Les défenseurs de la paix s’attendaient à ce que le futur président des Etats-Unis exerce une pression sur Ehud Olmert pour arrêter les bombardements, mais il n’en fut rien. Bien au contraire, Obama offrit le champ libre à l’opération militaire « Plomb durci » et reprit dans la suite de l’interview toute la logique du discours israélien sur l’autodéfense.

« I don’t think any country would find it acceptable to have missiles raining down on the heads of their citizens. If somebody was sending rockets into my house where my two daughters sleep at night, I’m going to do everything in my power to stop that. I would expect Israelis to do the same thing. »(2)

Obama donne l’orientation de son propos en conférant le droit à l’autodéfense aux Israéliens. Le principe de réciprocité n’existe pas et sur l’échiquier diplomatique, le Hamas et par voie de conséquence la population palestinienne sont désignés comme les seuls agresseurs. De plus, Obama figure le droit à l’autodéfense des Israéliens en plaçant ses propres filles dans la situation d’agressées. L’image affective de ses filles menacées révèle l’intention d’amener le spectateur à ressentir cette empathie qui dispense de toute réflexion.

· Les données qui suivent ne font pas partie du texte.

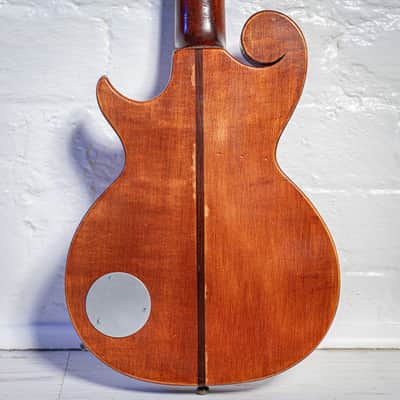 Zemaitis Florentine Mandolin RARE ONE OF A KIND 1970s - Natural image 8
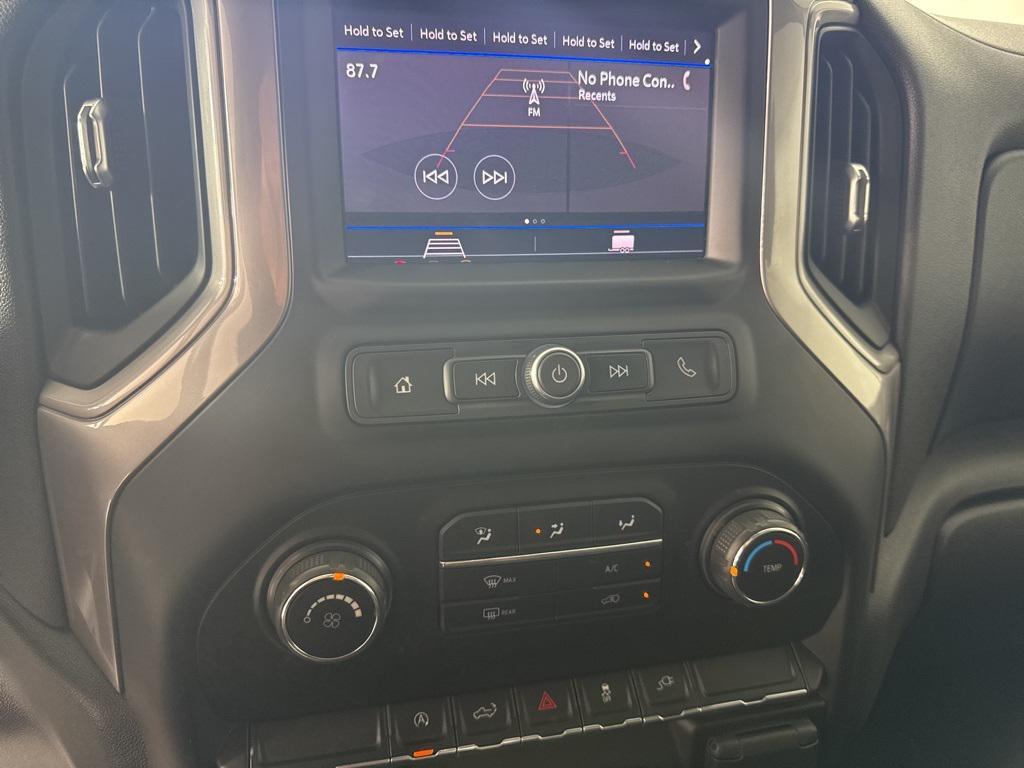 used 2021 Chevrolet Silverado 1500 car, priced at $23,871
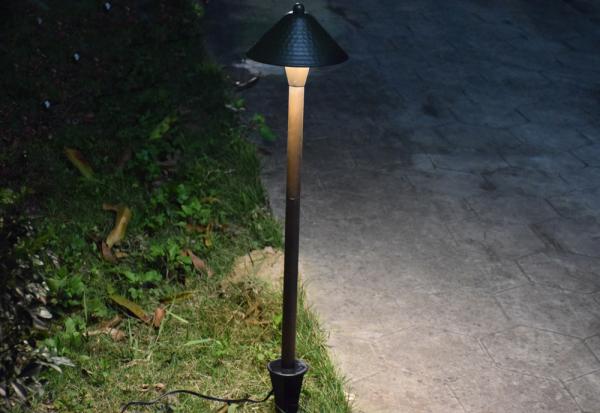 3w Led Garden Light for outdoor Landscaping AC 12V LED Area Lighting Low Voltage LED Path Light for landscape lighting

Dans la perspective d’Obama, ses enfants ne peuvent être couplés qu’aux enfants israéliens. La construction par l’image du discours du nouveau président exclut ainsi toute présence d’humanité chez les Palestiniens qui sont cachés derrière ces « pluies de missiles ».

Il faut attendre une question directe d’un spectateur demandant la raison de ce silence alors que des civils innocents se font tuer, pour que Barack Obama mentionne la souffrance des Palestiniens dans son discours.

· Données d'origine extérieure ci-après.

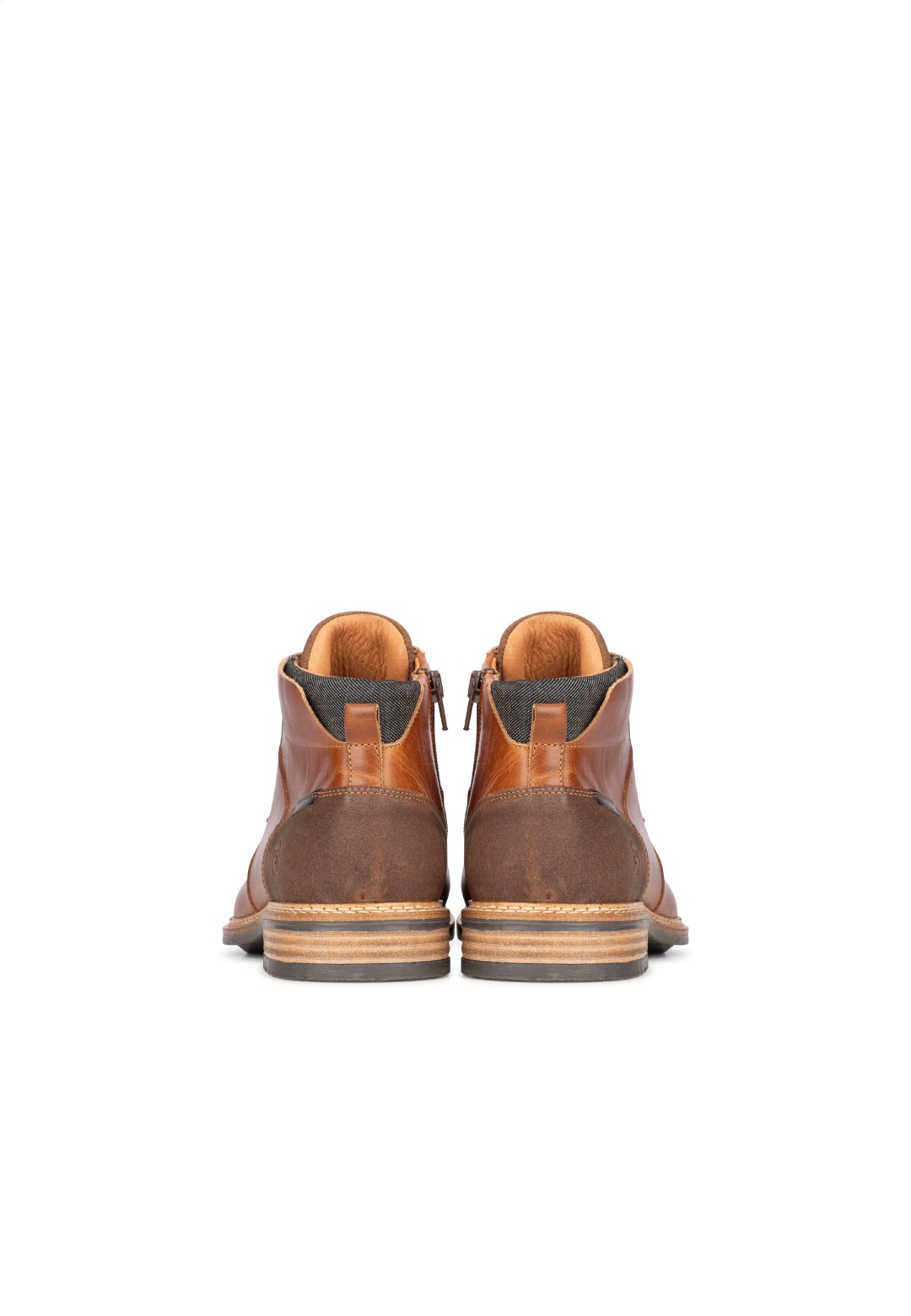 PS Poelman BRONTE men's lace-up boots | The Official POELMAN Webshop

« Well, look, I have said — and I think I said this a couple of days back, that when you see civilians, whether Palestinian or Israeli, harmed, under hardship, it’s heartbreaking. And obviously what that does is it makes me much more determined to try to break a deadlock that has gone on for decades now ».(3)

Mais celle-ci est immédiatement contrebalancée par l’évocation des souffrances des Israéliens ce qui traduit un refus de reconnaître la disproportion du nombre de morts et de blessés. De plus, les formules impersonnelles suggèrent que le Président est gêné de s’apitoyer sur les victimes palestiniennes.

En voulant en dire peu, Barack Obama finit par trahir le fond de sa pensée, et de sa future politique internationale.

Laurent Monserrat

  1. Notons le sursis de l’immédiateté
  2. « Je ne pense pas qu’aucun pays trouverait acceptable de laisser tomber des pluies de missiles sur les têtes de ses citoyens. Si on envoyait des roquettes en pleine nuit sur ma maison où mes deux filles sont en train de dormir, je ferais tout ce qui est en mon pouvoir pour arrêter cela. Je m’attendais à ce que les Israéliens fassent la même chose ».
  3. « Eh bien, écoutez, j’ai déjà dit – je pense que j’ai dit il y a quelques jours, que quand on voit des civils qu’ils soient Palestiniens ou Israéliens, blessés, en état de souffrance, cela brise le coeur… ».